Healthcare Reform: Fighting the Rear Guard Battle

So U.S. District Judge Roy Vinson up and decided the new healthcare reform law is unconstitutional.  This surprised absolutely nobody, given that the Ronald Reagan appointee had telegraphed his decision as obviously as a bad Jay Cutler pass when hearing arguments in the case last year.
And it surprises nobody that a Republican party that has absolutely no interest in doing anything but pay lip-service to reforming our nation’s appalling healthcare situation while lining their campaign chests with insurance industry cash, loudly cheered Judge Vinson’s ruling.  Democrats, meanwhile, who have been trying for nearly 100 years to fix the mess, largely passed it off as the latest partisan development in what has been a hyper-partisan process.
This makes two Republican judges, including U.S. District Court Judge Henry Hudson just last month, who have ruled in assorted lawsuits filed by at least 26 states led by Republican governors, attorneys general, or both, that all or significant portions of the Affordable Care Act are unconstitutional.
Meanwhile, largely forgotten in all the recent hullabaloo, is that two other federal judges, both Clinton appointees, have ruled that the individual mandate to buy insurance, the crux of the dispute, IS perfectly within Congress’ authority to order.  Approximately two dozen other challenges have been unceremoniously dismissed as frivolous.

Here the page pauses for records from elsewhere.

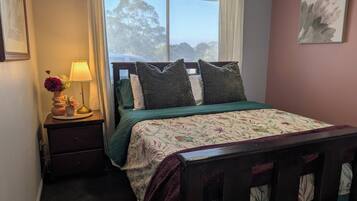 Desk, iron/ironing board, WiFi, bed sheets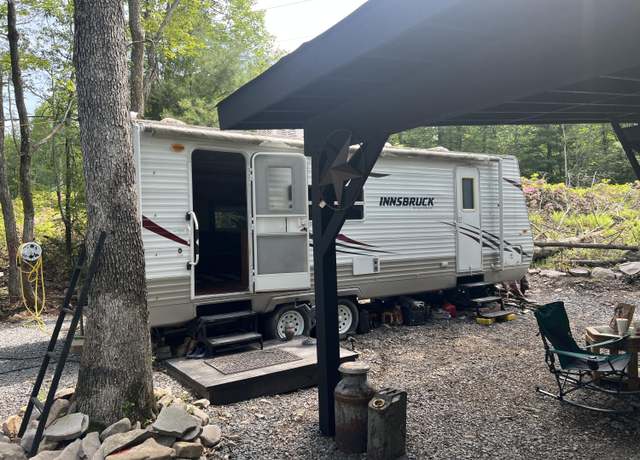 Property at 12 Wilderness Trl, Scotrun, PA 18355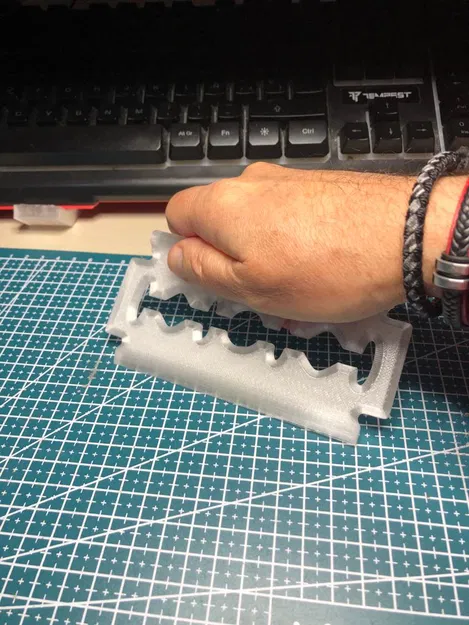 Dụng Cụ Cạo Băng "Rasca hielo" - Image 1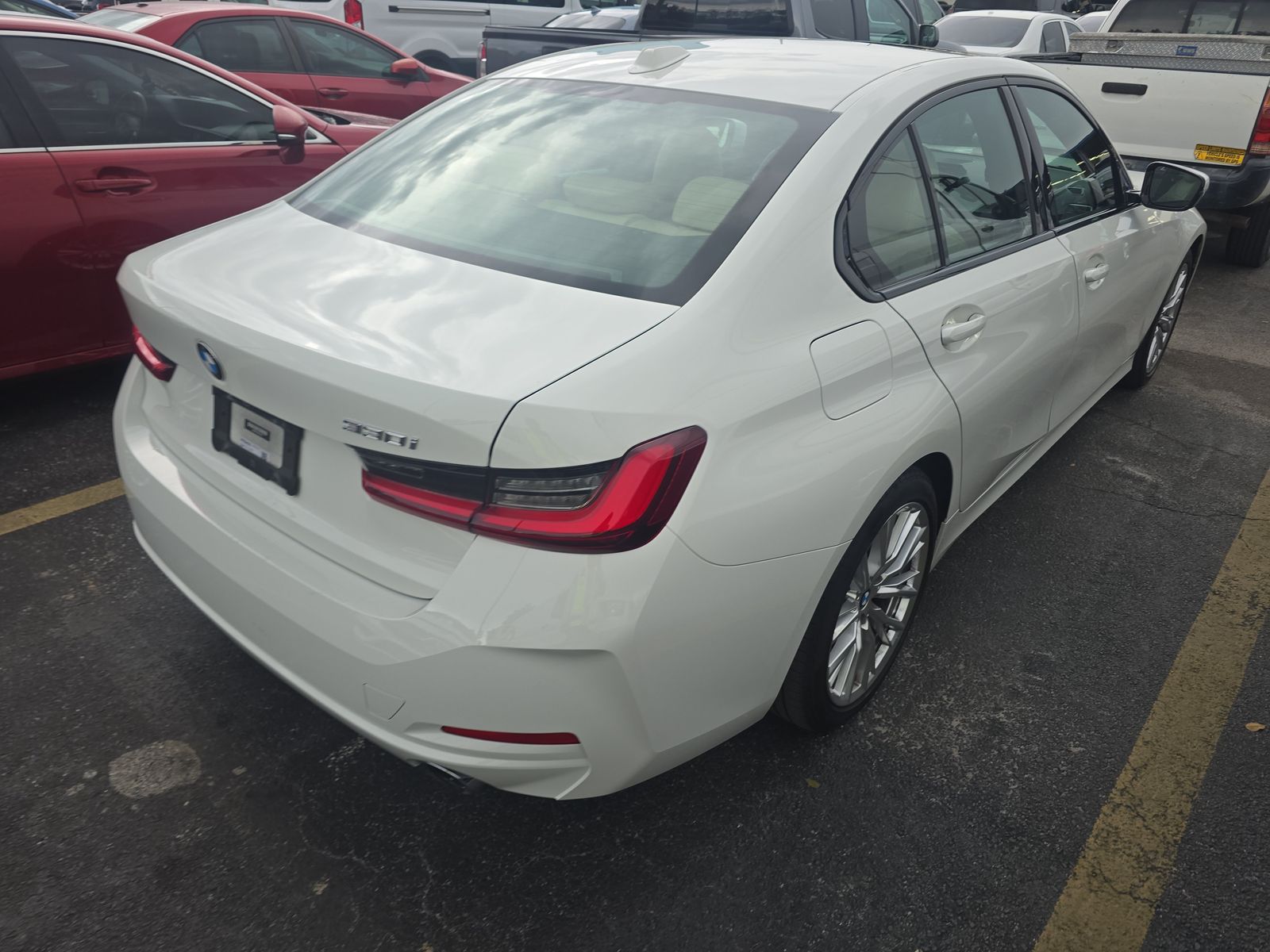 2023 BMW 3 Series 330i RWD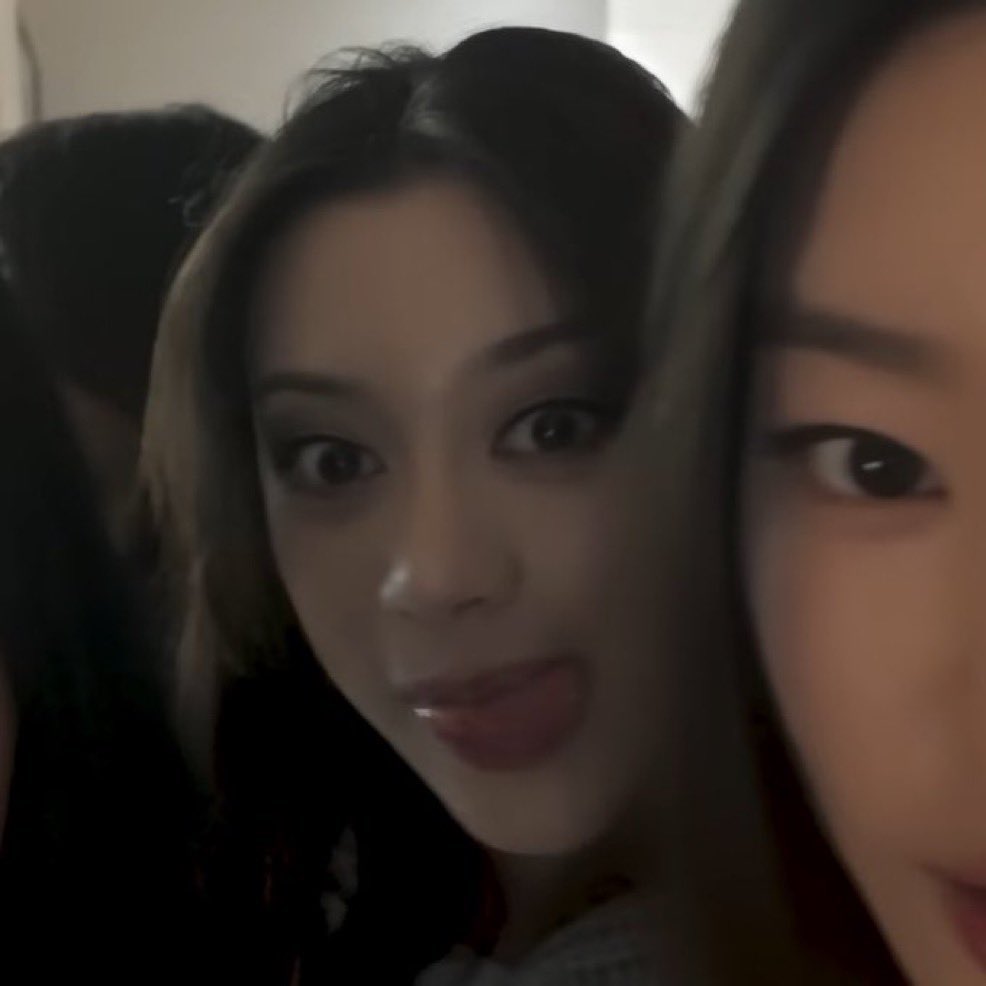 ❤︎˖◌ val tweet media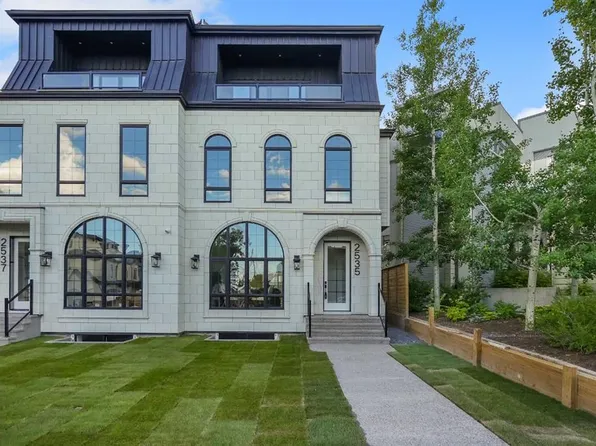 2535 E 19th St SW, Calgary, AB T2T 4X4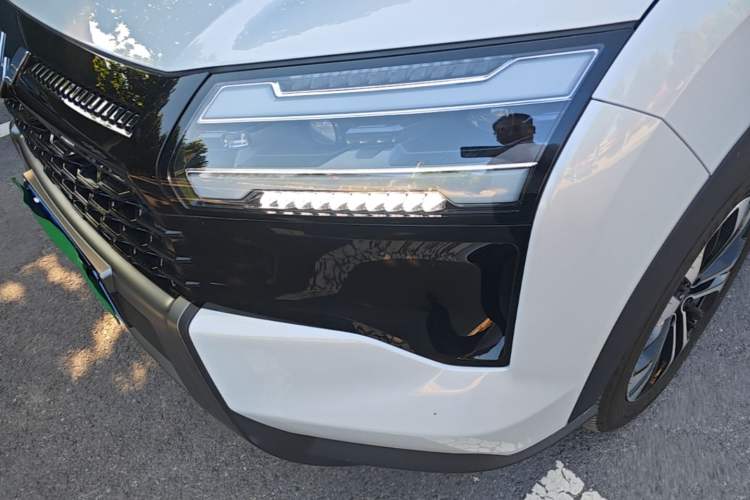 Used Wuling Starlight 560 2026 1.5T CVT Elite Edition Left Front Headlight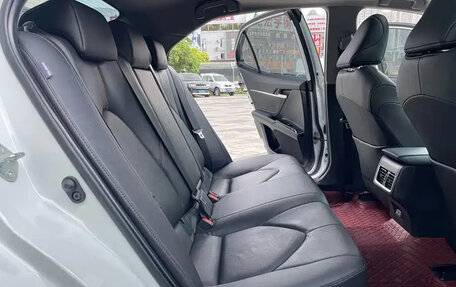 Toyota Camry, 2021 год, 2 380 000 рублей, 13 фотография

So for those of you scoring at home, the series record between the two sides currently stands at 2 wins and 2 losses apiece, with about 25 ties.  (Come to think of it, Healthcare Reform is not unlike a chess tournament between Grand Masters.)

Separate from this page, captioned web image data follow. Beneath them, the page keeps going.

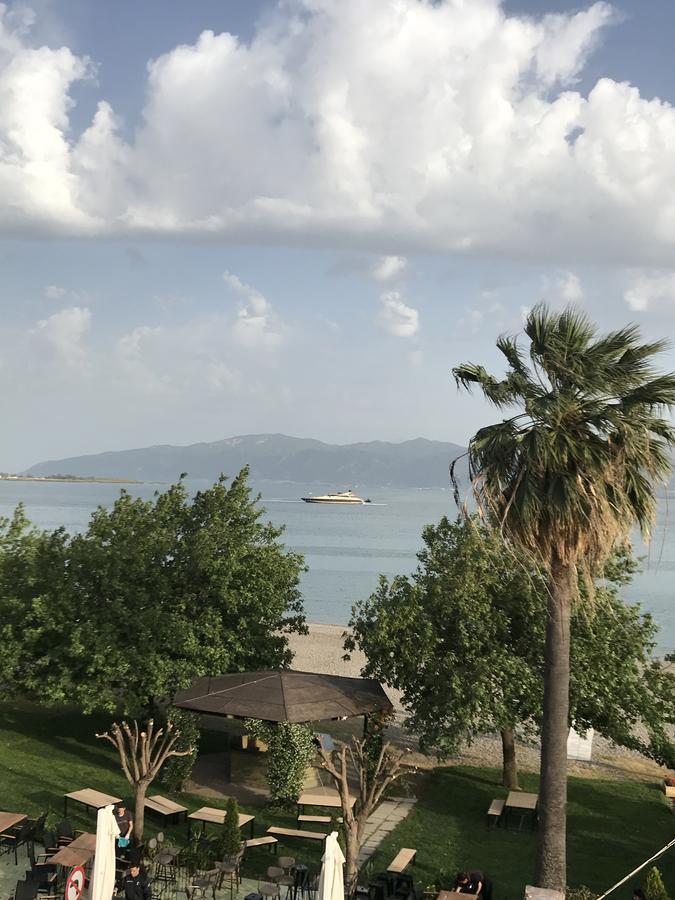 Regina Hotel Nafpaktos Esterno foto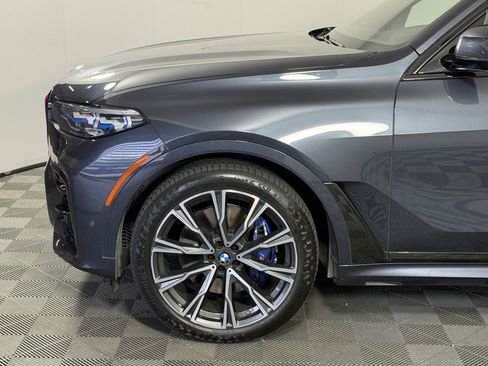Used 2021 BMW X7 M50i w/ Dynamic Handling Package AWD/4WD image 12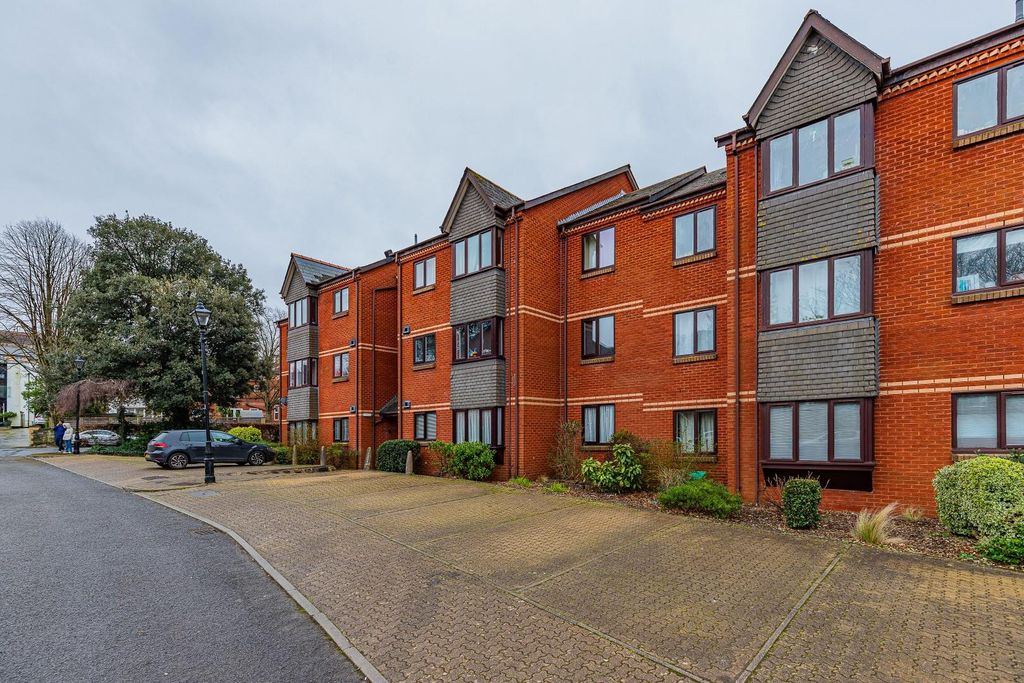 2 bed flat to rentMariners Heights, Penarth CF64 photo 2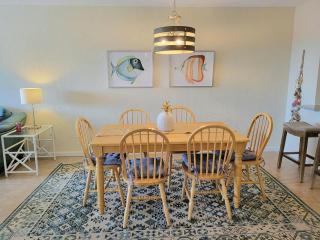 208 - Poolside 2 BR Great Ocean View - New Smyrna Beach - 3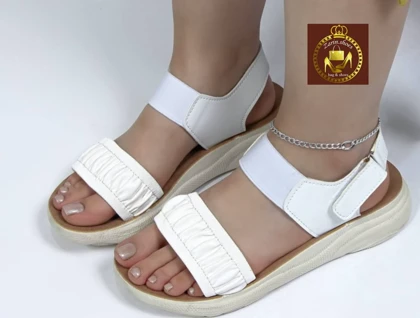 صندل زنانه اسپرت چسبی سلن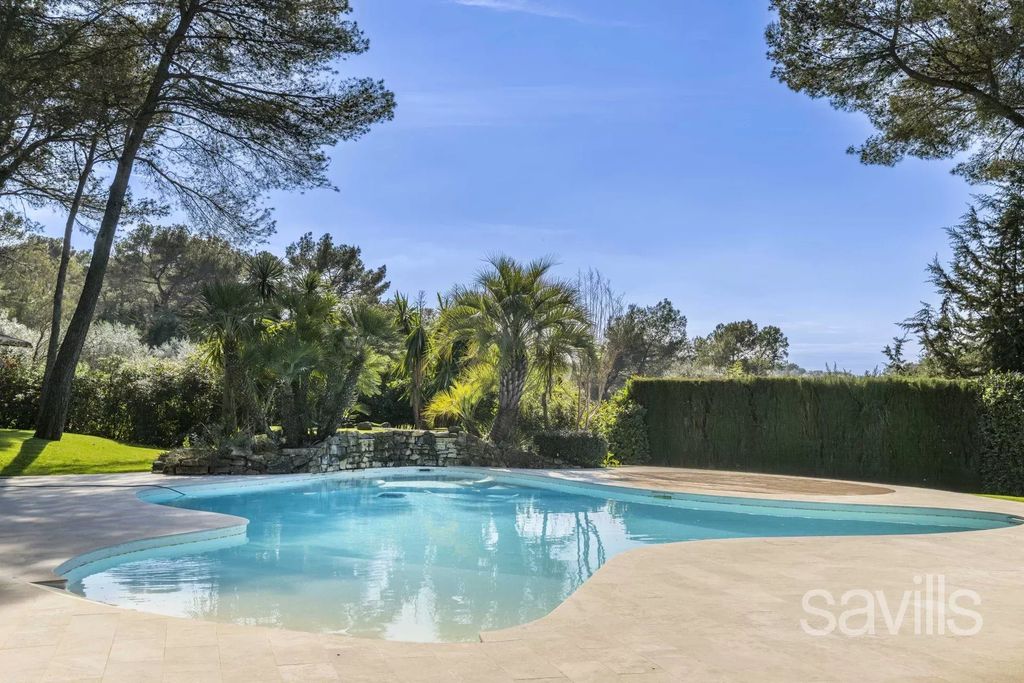 Property photo 1 of 8 Stunning Property In A Sought-After Estate.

This follows the law’s original passage in the last Congress with the help of exactly 1 Republican vote out of 177 Congressional Republicans and 41 Republican senators.  Just last week, every single Republican House member in the new Congress voted to repeal the new law.
What a shame, considering that this law will help the people who need it the most.  I’m speaking from experience here, as up until this past year, I’ve been unable to marry the woman I’ve been with for 10 years.  She is on the Texas High Risk Pool, a state-run pool that provides rudimentary insurance at god-awful rates to people who, like her, are unable to get insurance anywhere else because of their pre-existing conditions.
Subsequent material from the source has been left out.